***** Exercise material *****

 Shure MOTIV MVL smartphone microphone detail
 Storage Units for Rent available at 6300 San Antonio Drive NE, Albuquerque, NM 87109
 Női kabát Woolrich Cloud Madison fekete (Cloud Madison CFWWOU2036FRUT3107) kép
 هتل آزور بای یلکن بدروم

*****
***** Exercise material *****

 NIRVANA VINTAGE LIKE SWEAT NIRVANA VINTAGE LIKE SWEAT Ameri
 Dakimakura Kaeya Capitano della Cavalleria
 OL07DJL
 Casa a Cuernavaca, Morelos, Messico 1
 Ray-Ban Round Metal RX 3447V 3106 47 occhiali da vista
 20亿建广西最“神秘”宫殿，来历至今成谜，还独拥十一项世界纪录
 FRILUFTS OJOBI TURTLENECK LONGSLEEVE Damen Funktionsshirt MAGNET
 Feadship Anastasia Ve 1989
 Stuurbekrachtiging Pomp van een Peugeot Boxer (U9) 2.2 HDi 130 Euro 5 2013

*****

* What the task requires *
Please copy, exactly and with nothing else, the lines above beginning at the line that has "Feadship Anastasia Ve 1989" and ending with the line that has "Stuurbekrachtiging Pomp van".

* Result of this task *
 Feadship Anastasia Ve 1989
 Stuurbekrachtiging Pomp van een Peugeot Boxer (U9) 2.2 HDi 130 Euro 5 2013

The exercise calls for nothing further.